1. 现象
在利用Spark和Kafka处理数据时,有时会同时在maven pom中引入Spark和Kafka的相关依赖。但是当利用Spark SQL处理数据生成的DataSet/DataFrame进行collect或者show等操作时,抛出以下异常信息:
in stage 3.0 (TID 403, localhost, executor driver): java.lang.NoSuchMethodError: net.jpountz.lz4.LZ4BlockInputStream.<init>(Ljava/io/InputStream;Z)V
at org.apache.spark.io.LZ4CompressionCodec.compressedInputStream(CompressionCodec.scala:122)
at org.apache.spark.serializer.SerializerManager.wrapForCompression(SerializerManager.scala:163)
at org.apache.spark.serializer.SerializerManager.wrapStream(SerializerManager.scala:124)
at org.apache.spark.shuffle.BlockStoreShuffleReader$$anonfun$3.apply(BlockStoreShuffleReader.scala:50)

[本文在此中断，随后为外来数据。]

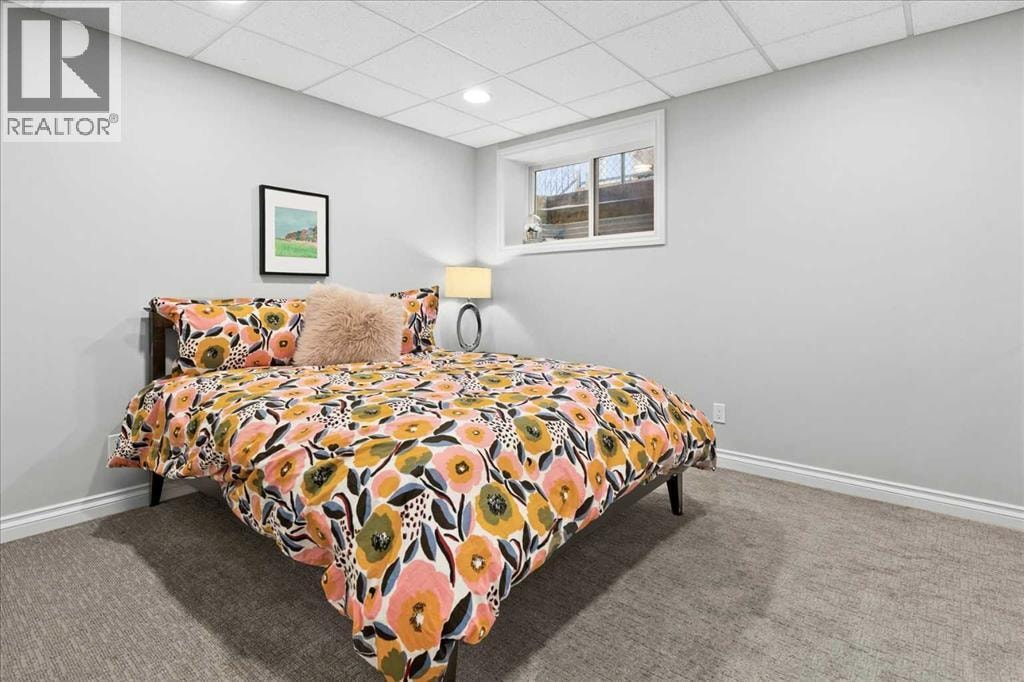 255 Gleneagles View — photo 40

at org.apache.spark.shuffle.BlockStoreShuffleReader$$anonfun$3.apply(BlockStoreShuffleReader.scala:50)
at org.apache.spark.storage.ShuffleBlockFetcherIterator.next(ShuffleBlockFetcherIterator.scala:453)
at org.apache.spark.storage.ShuffleBlockFetcherIterator.n